Preventing Email Spoofing with DMARC
Updated: Apr 9
One of the most common issues we find on penetration testing and process review engagements is misconfigured, or completely missing, Domain-based Message Authentication Reporting & Conformance records, or DMARC for short. These simple DNS records prevent malicious threat actors and spammers from sending spoofed emails pretending to be from your domain. In skilled hands, spoofed emails can present a serious threat to organizational security as it makes the success likelihood of Social Engineering attacks significantly greater. In this article, we’ll be covering what DMARC is, how it works, and how to configure it properly with major DNS providers such as Cloudflare and Google Domains.
The Basics of DMARC
Simply put, the purpose of DMARC is to protect your domain from being used in spoofed emails. Without proper protections, spammers and other malicious actors can send fake emails that appear to come from your legitimate domain. As you can imagine, this could have serious security implications in the form of email phishing and can also damage the reputation of your domain. With a properly configured DMARC entry in your DNS records, you can stop email spoofing in its tracks either by quarantining spoofed emails or having them rejected entirely. While DMARC itself isn’t an authentication mechanism, the records rely on two other records called SPF and DKIM. Consult the documentation for your hosting provider to see how to add these records to your DNS. These all work in tandem when a mail server receives an email to authenticate the sender and verify that it did indeed come from the domain it claims to.
Configuring DMARC Records
Every DMARC record is composed of a specific key-value pairs that provide instructions for how mail servers should handle emails coming from the associated domain. Let’s break down each part to better understand how this works. First, let’s take a look at a completed record, which you can see below.
"v=DMARC1; p=quarantine; rua=mailto:firstname.lastname@example.org, mailto:email@example.com"
V: This value selects the version of DMARC to be used, which for now is “DMARC1”.

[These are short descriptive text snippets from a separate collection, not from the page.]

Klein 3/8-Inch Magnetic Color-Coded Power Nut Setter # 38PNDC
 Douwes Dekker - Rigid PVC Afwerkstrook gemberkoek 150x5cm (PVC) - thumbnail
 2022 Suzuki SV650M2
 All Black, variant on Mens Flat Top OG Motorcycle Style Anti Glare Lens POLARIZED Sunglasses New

P: Here is the first important strategic decision to make when configuring the record. The “p” stands for policy and specifies the action that a receiving mail server should take when processing emails from the given domain. The three options for this setting are none, quarantine, and reject. The “none” option essentially disables the protections so should not be used. “Quarantine” will instruct the mail server to send the email to the recipient’s spam folder rather than normal inbox. “Reject”, as you may have guessed, causes emails that fail authentication to not be delivered at all. It’s generally recommended to start with a quarantine policy and eventually switch to reject after some time to ensure that legitimate emails are not being wrongly rejected.
RUA: This key specifies the address for aggregated reports, which come in the form of an XML document, to be sent to. These reports contain statistical data regarding attempts to use the associated domain as the email sender.
DMARC settings are stored as TXT records within DNS records for the given domain and should have the resource name “_dmarc”. The full policy, as discussed above, should be listed in the “data” section of the DMARC TXT record.
While it might all seem confusing or even overwhelming at first, setting up DMARC records for your domain is actually a relatively simple process with a potentially large payoff. The ability to protect your domain from illegitimate use should be a top concern for administrators in any organization, doubly so for those that rely extensively on email communication.